Brazil's Vice President Michel Temer speaks during a news conference in Brasilia, Brazil April 11, 2016. REUTERS/Ueslei Marcelino(reuters_tickers)
SAO PAULO (Reuters) - If Brazilian Vice President Michel Temer takes power, former central bank President Henrique Meirelles would accept the position of finance minister under the condition he was given approval rights over members of the entire economic team, newspaper Folha de S. Paulo reported on Sunday.
Meirelles and Temer met in Brasilia on Saturday, Folha said without disclosing the source of its information. Meirelles told Folha in a separate interview he had agreed to advise Temer but had not been invited to join a potential cabinet.
A spokesman for Temer said the Folha story was speculative.
Temer would take over the presidency if the Senate votes to put President Dilma Rousseff on trial next month, as is widely expected. The lower house of congress voted to impeach Rousseff for breaking budget laws, a charge she denies.
Meirelles is the current chairman of investment holding company J&F Investimentos SA and served as central bank president under Luiz Inacio Lula da Silva, former president and Rousseff's mentor.

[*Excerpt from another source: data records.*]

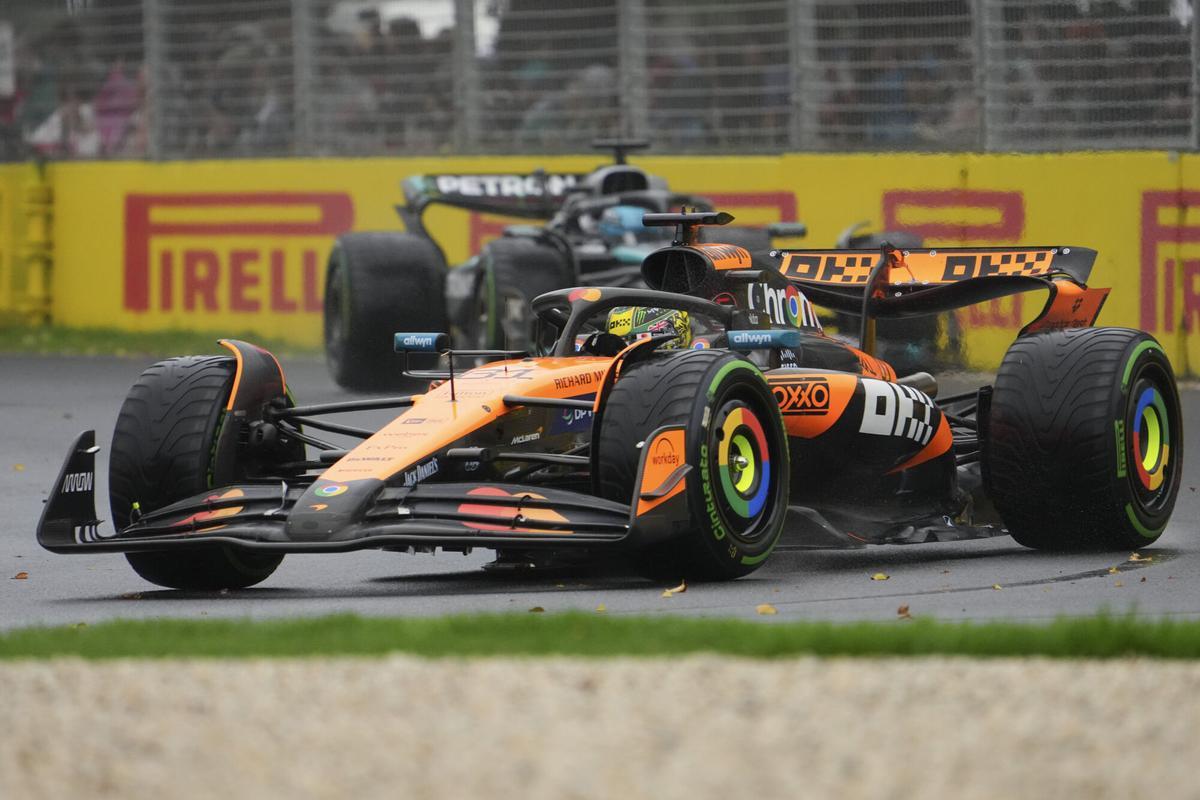 McLaren driver Oscar Piastri of Australia steers his car during the Australian Formula One Grand Prix at Albert Park, in Melbourne, Australia, Sunday, March 16, 2025. (AP Photo/Scott Barbour)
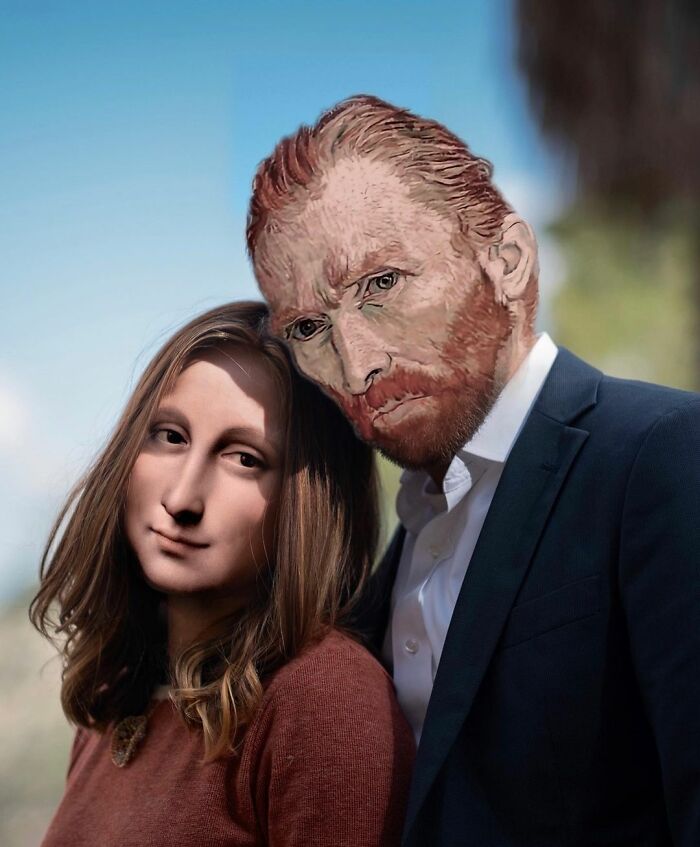 Mona Lisa, Frida Kahlo & Vincent Van Gogh : Nowadays, Outside The Frame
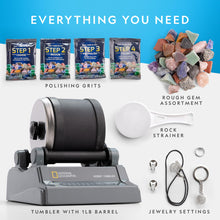 Load image into Gallery viewer, National Geographic Rock Tumbler Kit – Hobby Edition Includes Rough Gemstones, and 4 Polishing Grits, Great STEM Science Kit for Geology Enthusiasts, Rock Polisher for Kids and Adults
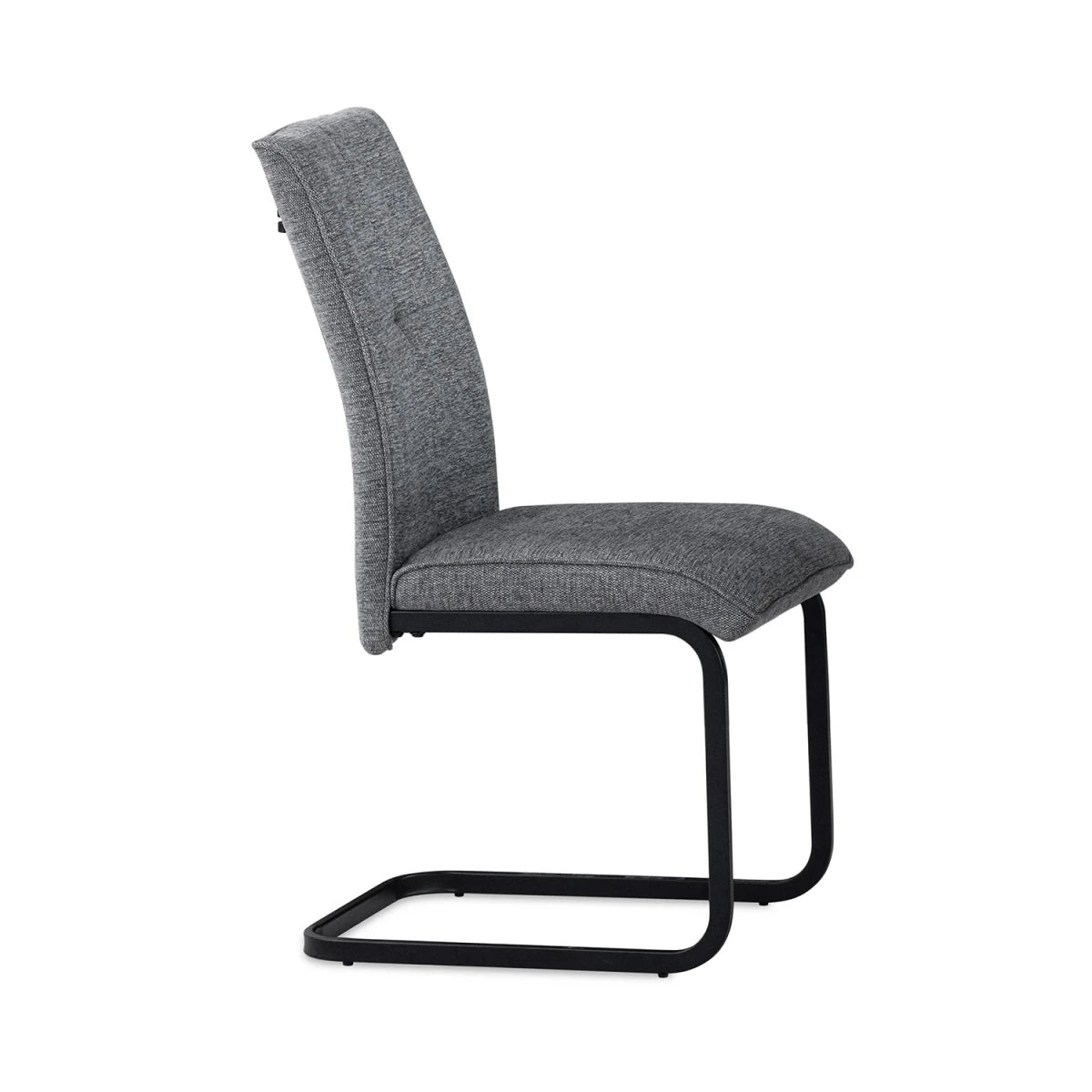 Side view of Venezia Dark gray upholstered dining chairs with black cantilever black metal base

Reuters has reported other potential candidates for Temer's finance minister are the head of the country's banking industry lobby Murilo Portugal and Goldman Sachs Group Inc's chairman in Brazil Paulo Leme.
If he takes power, Temer and his economic team will face a recession likely to be the nation's longest and harshest in over a century. Brazilian markets have rallied in recent weeks on hopes a Temer government will be more friendly to investors than the leftist Rousseff and her Workers' Party.
Temer, the head of the Brazilian Democratic Movement Party (PMDB), also met with Paulo Skaf, president of the influential Sao Paulo industry federation on Sunday.
Skaf told local papers Temer had assured him he would not be in favor of raising taxes if he becomes president -- the main condition for the federation's support.
Meirelles belongs to Brazil's PSD (Social Democratic Party), whose leader last week was the latest to leave an alliance with Rousseff's government.